Short web captions:
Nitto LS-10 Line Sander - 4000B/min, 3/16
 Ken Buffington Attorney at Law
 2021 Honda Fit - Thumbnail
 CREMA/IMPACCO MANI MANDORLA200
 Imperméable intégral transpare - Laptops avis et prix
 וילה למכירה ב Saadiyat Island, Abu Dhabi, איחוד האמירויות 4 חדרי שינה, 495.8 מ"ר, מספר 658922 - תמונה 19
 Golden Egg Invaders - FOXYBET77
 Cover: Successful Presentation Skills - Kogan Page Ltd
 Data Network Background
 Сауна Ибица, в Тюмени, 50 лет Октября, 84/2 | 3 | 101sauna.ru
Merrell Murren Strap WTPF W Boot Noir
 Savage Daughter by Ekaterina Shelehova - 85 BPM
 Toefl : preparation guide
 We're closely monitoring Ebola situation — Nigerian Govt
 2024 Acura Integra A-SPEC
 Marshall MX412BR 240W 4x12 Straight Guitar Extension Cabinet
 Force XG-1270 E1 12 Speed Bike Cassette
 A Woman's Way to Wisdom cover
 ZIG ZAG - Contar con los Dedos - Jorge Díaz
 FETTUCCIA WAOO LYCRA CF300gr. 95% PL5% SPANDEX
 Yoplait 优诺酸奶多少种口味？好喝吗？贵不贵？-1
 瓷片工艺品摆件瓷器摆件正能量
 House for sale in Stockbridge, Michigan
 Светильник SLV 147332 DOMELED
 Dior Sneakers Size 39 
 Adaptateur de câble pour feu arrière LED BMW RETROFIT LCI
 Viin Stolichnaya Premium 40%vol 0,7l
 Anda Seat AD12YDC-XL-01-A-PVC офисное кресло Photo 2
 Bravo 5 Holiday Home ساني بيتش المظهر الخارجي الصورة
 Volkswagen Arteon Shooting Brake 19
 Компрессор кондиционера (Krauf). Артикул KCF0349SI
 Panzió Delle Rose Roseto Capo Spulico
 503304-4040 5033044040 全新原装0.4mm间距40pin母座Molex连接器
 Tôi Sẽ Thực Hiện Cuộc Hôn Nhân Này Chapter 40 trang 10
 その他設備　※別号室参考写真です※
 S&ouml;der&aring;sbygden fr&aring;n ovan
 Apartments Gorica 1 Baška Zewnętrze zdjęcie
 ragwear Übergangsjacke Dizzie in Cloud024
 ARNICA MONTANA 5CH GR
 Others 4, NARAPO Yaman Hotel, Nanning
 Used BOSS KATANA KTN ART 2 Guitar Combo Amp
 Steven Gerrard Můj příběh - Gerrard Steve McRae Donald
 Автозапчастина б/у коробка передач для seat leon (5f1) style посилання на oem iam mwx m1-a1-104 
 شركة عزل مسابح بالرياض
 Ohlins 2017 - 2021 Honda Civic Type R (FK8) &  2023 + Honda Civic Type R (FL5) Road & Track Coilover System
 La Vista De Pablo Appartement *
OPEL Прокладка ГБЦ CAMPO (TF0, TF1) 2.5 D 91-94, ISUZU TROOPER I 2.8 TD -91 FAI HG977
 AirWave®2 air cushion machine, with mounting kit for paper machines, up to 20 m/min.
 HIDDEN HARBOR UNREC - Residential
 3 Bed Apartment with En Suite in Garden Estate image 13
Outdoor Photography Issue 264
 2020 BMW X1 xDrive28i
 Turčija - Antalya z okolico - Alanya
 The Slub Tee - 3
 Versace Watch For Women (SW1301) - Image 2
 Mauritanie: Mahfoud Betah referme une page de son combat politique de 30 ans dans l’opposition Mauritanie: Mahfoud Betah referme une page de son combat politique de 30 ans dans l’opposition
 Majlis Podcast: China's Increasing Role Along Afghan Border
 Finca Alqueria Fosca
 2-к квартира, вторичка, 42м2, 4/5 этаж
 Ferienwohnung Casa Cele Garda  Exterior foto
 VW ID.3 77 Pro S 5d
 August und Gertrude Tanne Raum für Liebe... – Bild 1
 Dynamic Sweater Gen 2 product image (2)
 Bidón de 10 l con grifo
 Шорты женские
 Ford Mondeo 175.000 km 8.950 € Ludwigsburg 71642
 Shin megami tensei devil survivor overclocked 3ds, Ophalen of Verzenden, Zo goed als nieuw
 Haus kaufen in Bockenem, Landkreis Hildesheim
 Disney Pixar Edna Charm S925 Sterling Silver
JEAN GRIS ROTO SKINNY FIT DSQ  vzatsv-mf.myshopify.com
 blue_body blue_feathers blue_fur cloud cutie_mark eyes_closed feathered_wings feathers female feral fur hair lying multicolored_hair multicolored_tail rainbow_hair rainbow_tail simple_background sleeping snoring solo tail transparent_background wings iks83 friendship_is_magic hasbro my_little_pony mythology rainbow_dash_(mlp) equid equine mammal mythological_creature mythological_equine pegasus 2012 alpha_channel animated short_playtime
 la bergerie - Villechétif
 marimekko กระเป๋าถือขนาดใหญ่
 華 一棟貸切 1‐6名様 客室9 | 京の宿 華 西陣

● Task brief: Give back the opening line of the records above and every line after it, up to and including the one with "その他設備　※別号室参考写真です※", unchanged.

● Reply to the task:
Nitto LS-10 Line Sander - 4000B/min, 3/16
 Ken Buffington Attorney at Law
 2021 Honda Fit - Thumbnail
 CREMA/IMPACCO MANI MANDORLA200
 Imperméable intégral transpare - Laptops avis et prix
 וילה למכירה ב Saadiyat Island, Abu Dhabi, איחוד האמירויות 4 חדרי שינה, 495.8 מ"ר, מספר 658922 - תמונה 19
 Golden Egg Invaders - FOXYBET77
 Cover: Successful Presentation Skills - Kogan Page Ltd
 Data Network Background
 Сауна Ибица, в Тюмени, 50 лет Октября, 84/2 | 3 | 101sauna.ru
Merrell Murren Strap WTPF W Boot Noir
 Savage Daughter by Ekaterina Shelehova - 85 BPM
 Toefl : preparation guide
 We're closely monitoring Ebola situation — Nigerian Govt
 2024 Acura Integra A-SPEC
 Marshall MX412BR 240W 4x12 Straight Guitar Extension Cabinet
 Force XG-1270 E1 12 Speed Bike Cassette
 A Woman's Way to Wisdom cover
 ZIG ZAG - Contar con los Dedos - Jorge Díaz
 FETTUCCIA WAOO LYCRA CF300gr. 95% PL5% SPANDEX
 Yoplait 优诺酸奶多少种口味？好喝吗？贵不贵？-1
 瓷片工艺品摆件瓷器摆件正能量
 House for sale in Stockbridge, Michigan
 Светильник SLV 147332 DOMELED
 Dior Sneakers Size 39 
 Adaptateur de câble pour feu arrière LED BMW RETROFIT LCI
 Viin Stolichnaya Premium 40%vol 0,7l
 Anda Seat AD12YDC-XL-01-A-PVC офисное кресло Photo 2
 Bravo 5 Holiday Home ساني بيتش المظهر الخارجي الصورة
 Volkswagen Arteon Shooting Brake 19
 Компрессор кондиционера (Krauf). Артикул KCF0349SI
 Panzió Delle Rose Roseto Capo Spulico
 503304-4040 5033044040 全新原装0.4mm间距40pin母座Molex连接器
 Tôi Sẽ Thực Hiện Cuộc Hôn Nhân Này Chapter 40 trang 10
 その他設備　※別号室参考写真です※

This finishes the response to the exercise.